Is there a simple explanation? (up to beginning of chapter 5 this wasn't yet explained in the book, imho.)

fn main(){
    dereferencing_cases();
}
fn follow_the_pointer_cases() {
    let v = vec![String::from("meow")];
    let y = *v[0]; // Does not or it could cause troubles (maybe double frees)
    // or access data that has moved i.e v2[0]

    let ss = Box::new(String::from("My String"));
    let ss2 = *ss; // works fine, and moves the String!
    println!("{ss2}")
    // so println!("{ss:?}") would fail
}

(tbc: i'm aware we can just clone it as an option.)

It's a limitation of index expressions, which are place expressions that don't allow moving out of. You have to use a method of the collection instead, like Vec::remove, or VecDeque::pop_front for example.

Box is special; if x: Box<Something> then you can move a value out of *x, but it is the only type that supports this ability to move out of a dereference. The fact that Box is unique in this way is largely a historical accident — Box used to be even more magical than it is today, and no one has yet invented a solid plan for extending this to arbitrary other types.

Unfortunately this is the wrong explanation.

v[0] already "follows" one pointer and refers to the memory location where the String. You're then trying to follow the pointer that the String represents (because it implements the Deref trait). However String points to a str, which is an "unsized" type, because a str could have any length, and so you can't follow it and move/copy it to a variable, because variable can only contain "sized" data, that is data whose type's size is known at compile time.

I encourage you to try the same but storing a Box<String> and/or Box<i32> in the Vec and seeing what happens.

Thanks for the correction @SkiFire13. But one could still use *v right? Or even v[0] which does not move the String either.

And this does still fail:

    let v = vec![Box::new(String::from("meow"))];
    let y = *v[0];

Due to the Copy trait, but does not fail in the Box(String).

You can not move elements out of a vector. The actual element type does not matter, moving an element out of a vector would leave a void hole, making the whole vector invalid. Think of a vector with n elements, moving an element with index < n out. There would be a hole.

Yes, that makes sense, what doesn't to me, in a way, is that one can remove it (move it) from a Box.

Thanks @kpreid, that's interesting.

So ref/deref is the right term even though it allows moving from Box. (normally one can not move data behind refs iiuc.) Just Box is different.

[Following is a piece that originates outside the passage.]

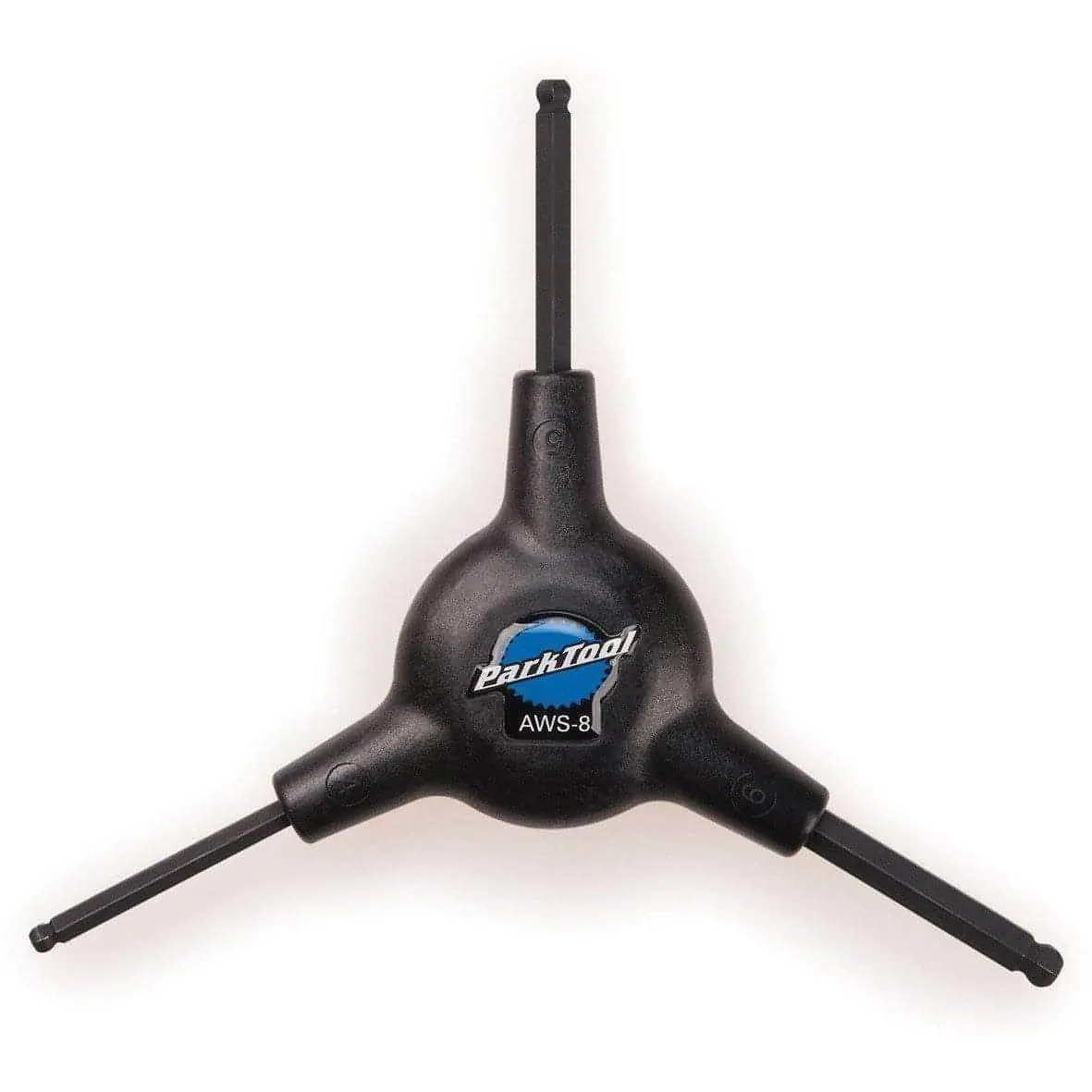 Park Tool AWS8 Ball Driver Hex 3-Way Wrench Set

From the links by @jofas, which I may misunderstand, I wonder whether this is bc Box implements "Sized" and Vecs don't ?

Or maybe it was simply this sentence it was being pointed at:

• The result of dereferencing an expression with type Box<T> and that can also be moved out of.

So Vectors' place expressions do not support moving data out.

Vec is also Sized. Your *v[0] dereferences the String in v[0] into a str, which is !Sized.

Yes.